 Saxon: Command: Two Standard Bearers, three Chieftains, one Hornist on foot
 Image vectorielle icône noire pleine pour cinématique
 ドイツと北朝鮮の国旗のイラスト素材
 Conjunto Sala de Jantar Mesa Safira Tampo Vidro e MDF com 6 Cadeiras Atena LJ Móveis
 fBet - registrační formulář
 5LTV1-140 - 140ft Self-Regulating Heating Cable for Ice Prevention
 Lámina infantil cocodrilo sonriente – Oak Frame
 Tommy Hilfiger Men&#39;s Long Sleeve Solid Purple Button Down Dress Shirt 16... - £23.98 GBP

==

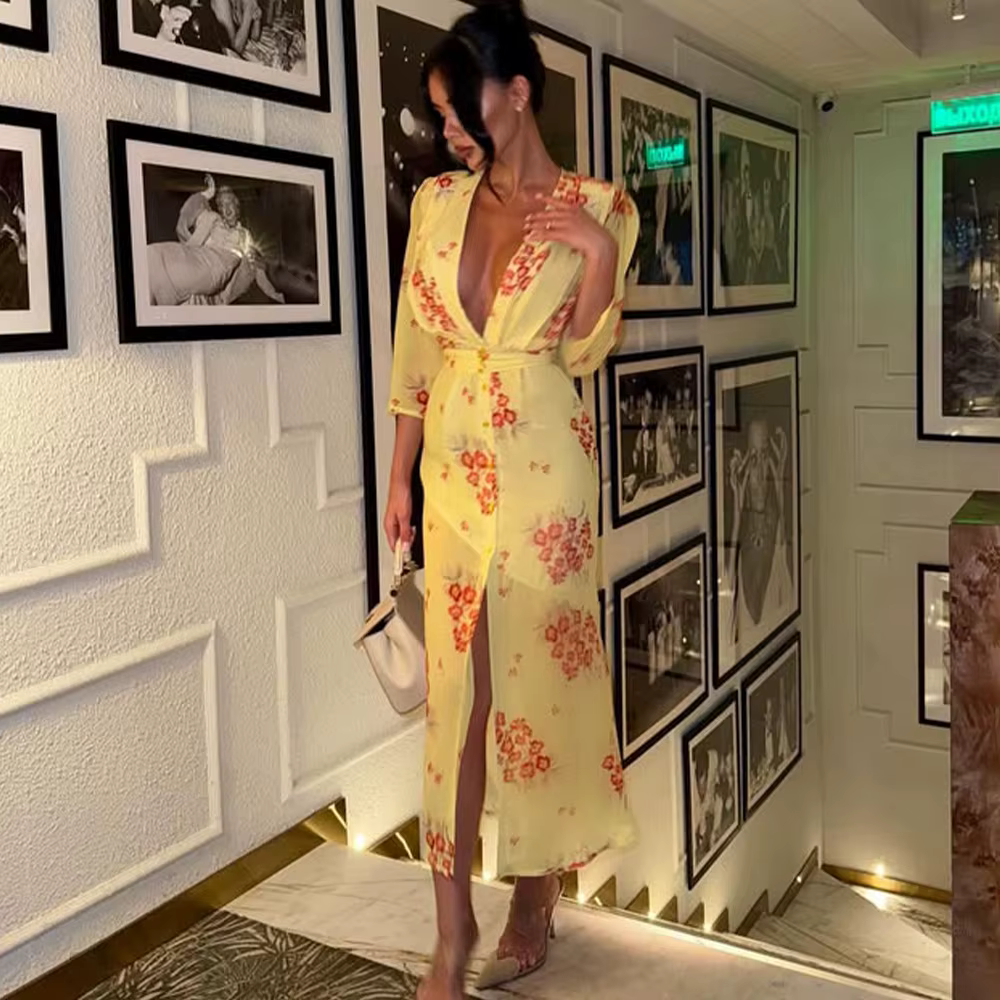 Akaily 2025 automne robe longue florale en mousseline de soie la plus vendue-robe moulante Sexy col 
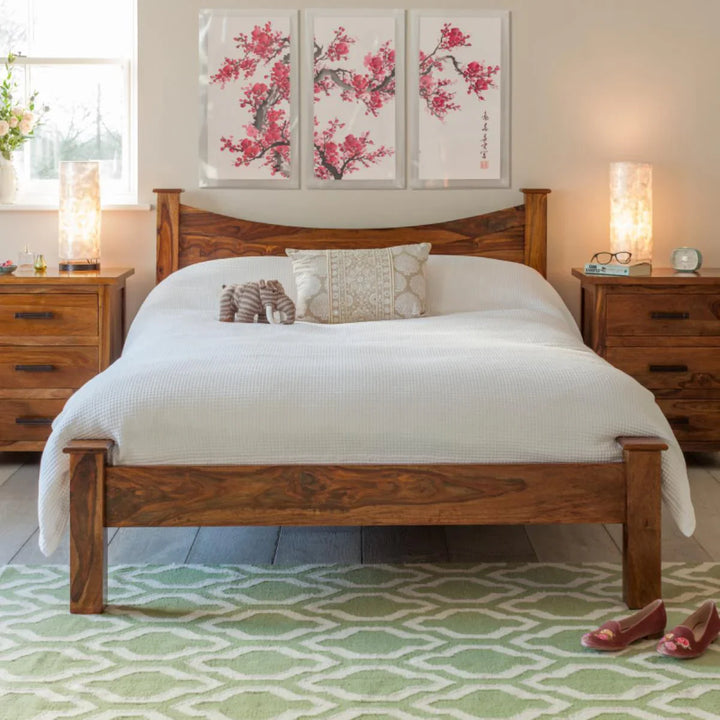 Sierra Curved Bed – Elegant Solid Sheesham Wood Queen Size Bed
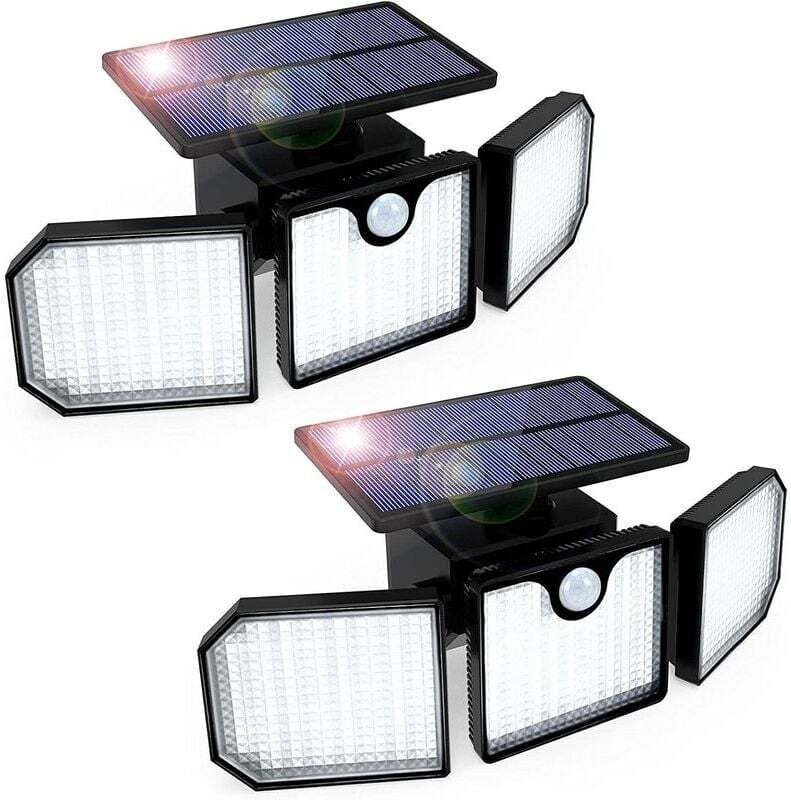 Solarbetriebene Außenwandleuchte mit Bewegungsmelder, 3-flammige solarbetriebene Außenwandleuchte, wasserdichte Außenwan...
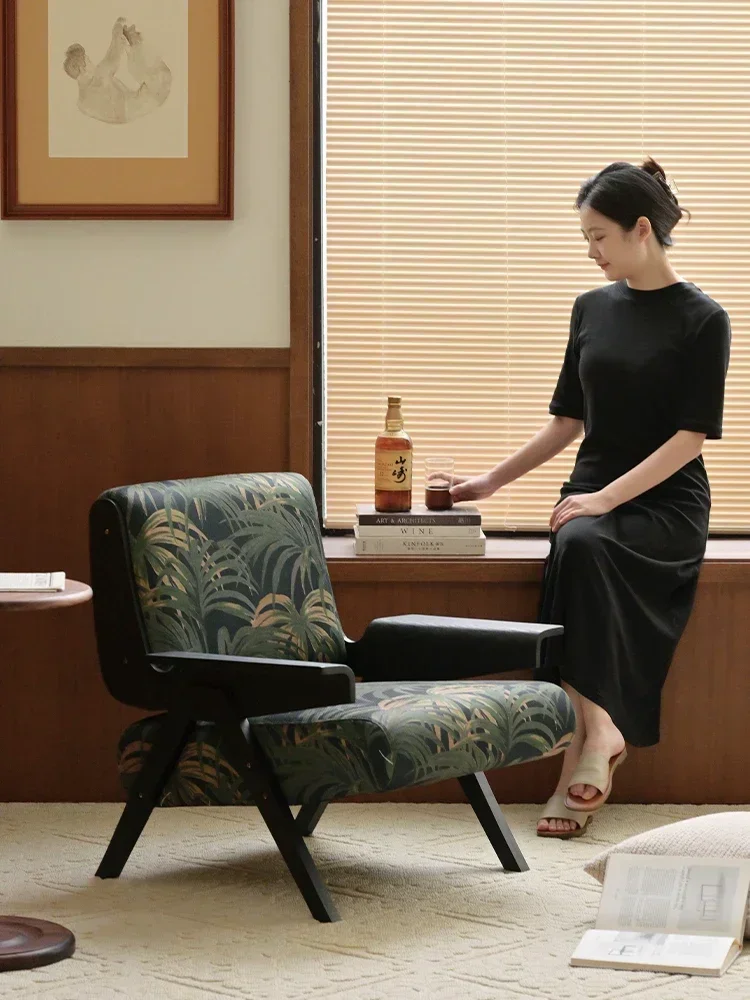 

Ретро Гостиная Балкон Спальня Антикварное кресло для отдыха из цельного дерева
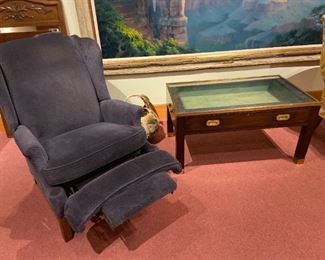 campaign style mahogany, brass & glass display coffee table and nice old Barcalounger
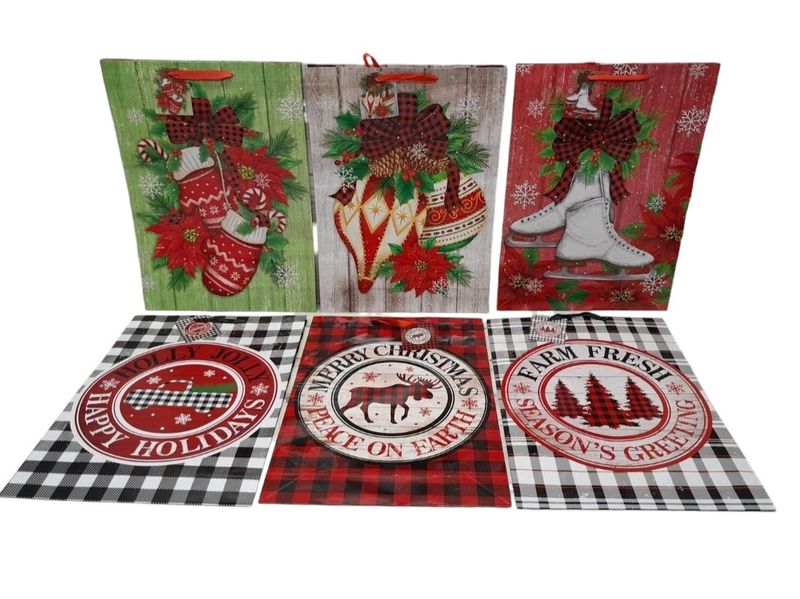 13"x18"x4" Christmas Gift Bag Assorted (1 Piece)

==

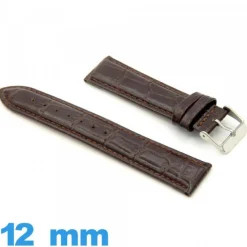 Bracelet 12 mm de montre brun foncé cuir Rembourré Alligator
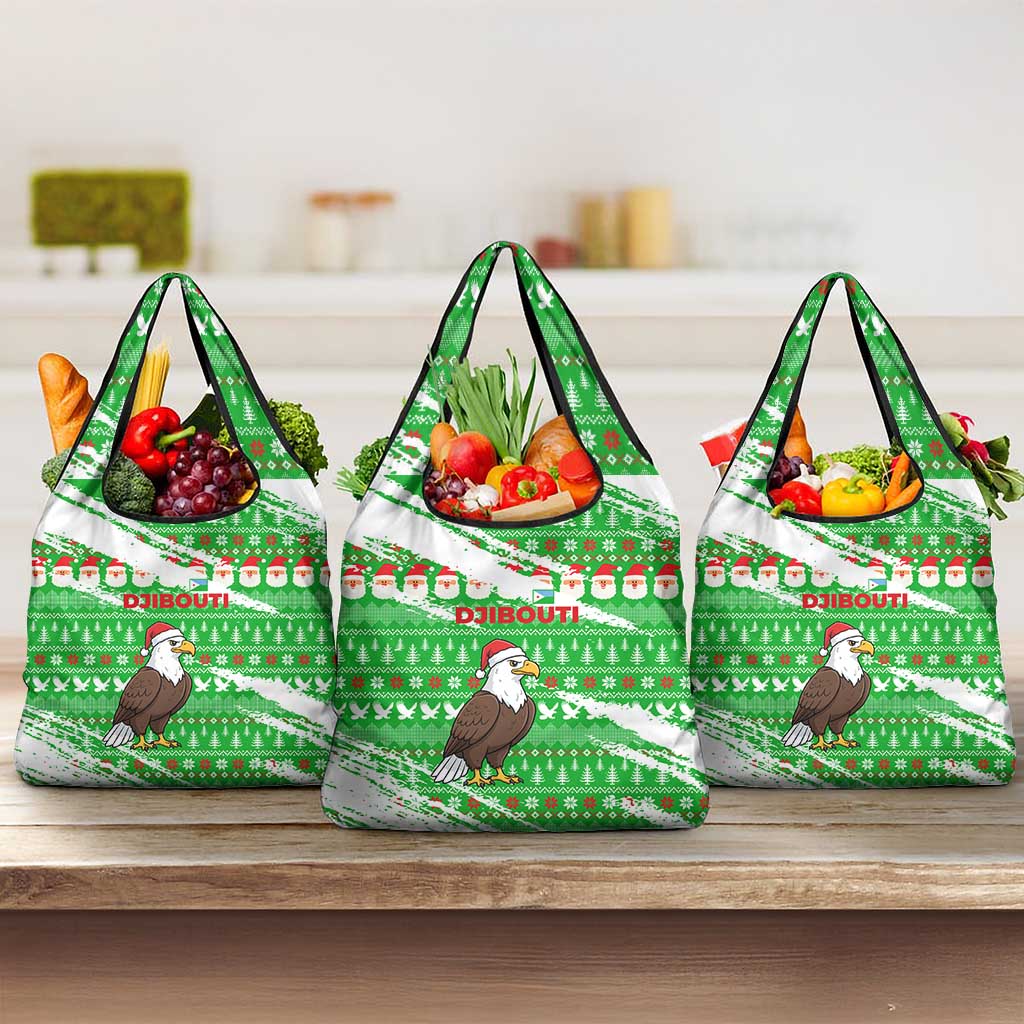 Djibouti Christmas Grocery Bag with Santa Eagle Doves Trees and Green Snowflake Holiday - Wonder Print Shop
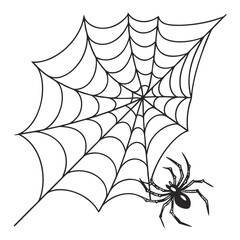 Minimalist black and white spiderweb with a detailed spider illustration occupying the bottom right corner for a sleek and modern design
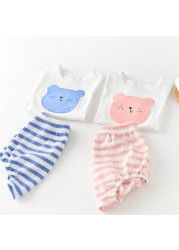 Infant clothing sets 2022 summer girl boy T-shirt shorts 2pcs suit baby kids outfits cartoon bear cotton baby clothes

**Prompt**. Within the entries above, the lines from the one containing "campaign style mahogany, brass" through the one containing "Assorted (1 Piece)" are to be transcribed exactly, ends included, pictures excluded.

**Result of this exercise**.
 campaign style mahogany, brass & glass display coffee table and nice old Barcalounger
 13"x18"x4" Christmas Gift Bag Assorted (1 Piece)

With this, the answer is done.